Ikeda, 603 A.2d at 787-88.
Therefore, I will grant the requested relief. Because the plaintiffs have already been dismissed from this action, I agree with AT T Wireless that its claims cannot practicably be pursued in the current action and that § 6306(b) should not foreclose an independent action for contribution. It is more efficient for all concerned for AT T Wireless to commence an independent action with a fresh complaint, devoid of the detritus left over from this action. After all, as a practical matter, the only remaining dispute is between AT T Wireless and the Non-Settling Directors.
The Non-Settling Directors' interpretation of § 6306(b) as barring this course of action is unconvincing. I see no reason to read the statute to mandate the filing of cross-claims sufficiently early in the action to allow concurrent litigation with the plaintiffs' claims. The Non-Settling Directors have cited no authority suggesting that the last sentence of § 6306(b) is intended to preclude a party from asserting cross-claims under § 6306(b)(1) after settlement of the plaintiffs' claims (but before judgment). Rather, other statutory provisions suggest that normal Rule 15(a) standards govern the question of whether AT T Wireless may amend its answer to assert a cross-claim at this time. See 10 Del. C. § 6306(a) ("Third-party practice under this chapter shall be as provided by rule of court except as provided in this section.").

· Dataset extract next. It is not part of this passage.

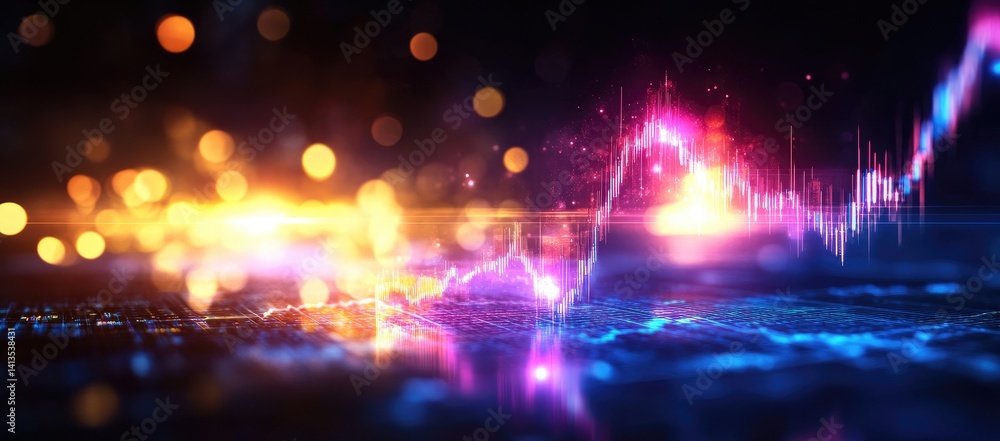 Poster abstract background with glowing bokeh lights and dynamic candlestick chart in vibrant colors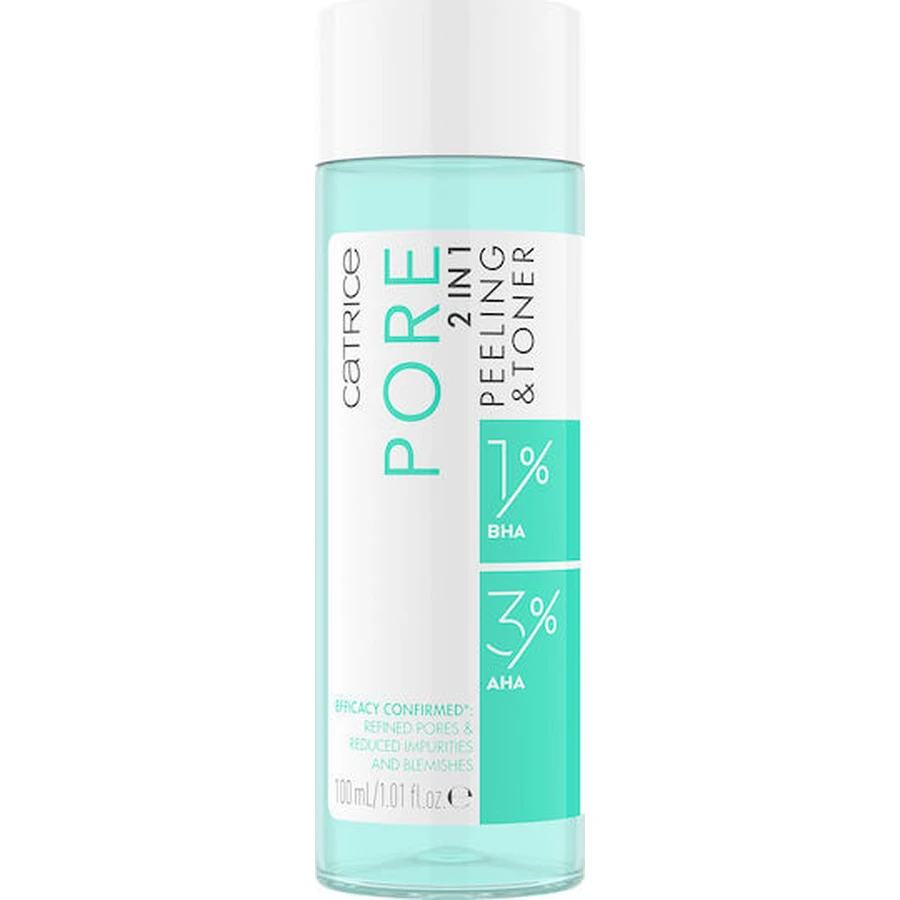 Catrice Cosmetics Pore 2-in-1 Toner Peeling pentru Față în Lotiune 100ml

See also Ikeda, 603 A.2d at 787 (stating that question of whether non-settling defendant could amend pleadings under Rule 15(a) to assert cross-claim for contribution against settling co-defendants on day of trial "turns on questions of prejudice to the various parties").
Not only does the last sentence of § 6306(b) not bar a party from asserting cross-claims late in the action, but it actually permits the preferred form of relief that AT T Wireless requests, which is a ruling that an "independent action" for contribution can be pursued because "relief can[not] be obtained as provided in" § 6306(b). See Unif. Contribution Among Tortfeasors Act § 7 Commissioners' Note (1939) (revised 1955), 9 U.L.A. 249 (1957). Thus, the Tortfeasors Law does not bar AT T Wireless from pursuing an independent action merely because AT T Wireless could have asserted its cross-claims earlier in this action; on the contrary, if the relative prejudice to the parties supports granting AT T Wireless's motion to file its cross-claims, but relief cannot be obtained in this action for "any . . . reason," id., I may permit AT T Wireless to pursue its contribution claims in a separate action.
For all these reasons, I deny AT T Wireless's motion for leave to amend its answer, but grant its preferred form of relief. I have entered the order it has requested.